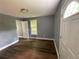 Bedroom with wood-look floors, natural light from a window, and modern ceiling light at 5191 Nw Emory Nw St, Covington, GA 30014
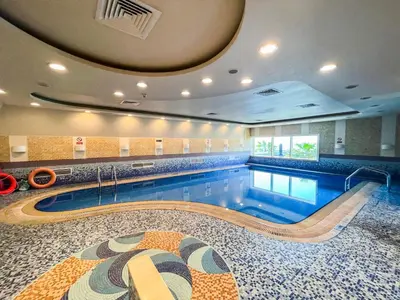 a pool in a building with a swimming pool at harborfront elegance dubai in Dubai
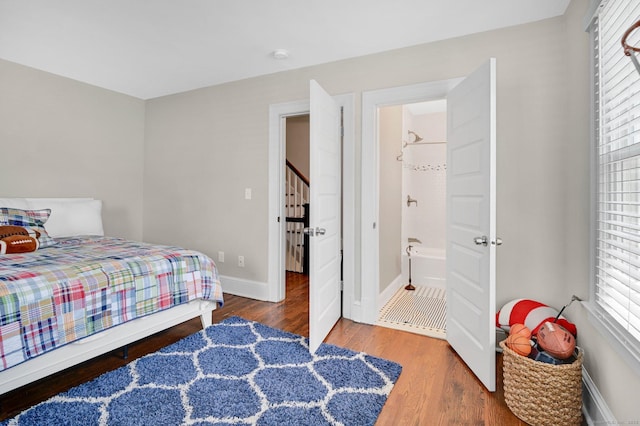 1676 Boulevard Blvd, West Hartford, CT 06107 - bedroom with wood finished floors and multiple windows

Problem statement: Print the entire listing above verbatim. No picture should be included.

Solution below:
 Bedroom with wood-look floors, natural light from a window, and modern ceiling light at 5191 Nw Emory Nw St, Covington, GA 30014
 a pool in a building with a swimming pool at harborfront elegance dubai in Dubai
 1676 Boulevard Blvd, West Hartford, CT 06107 - bedroom with wood finished floors and multiple windows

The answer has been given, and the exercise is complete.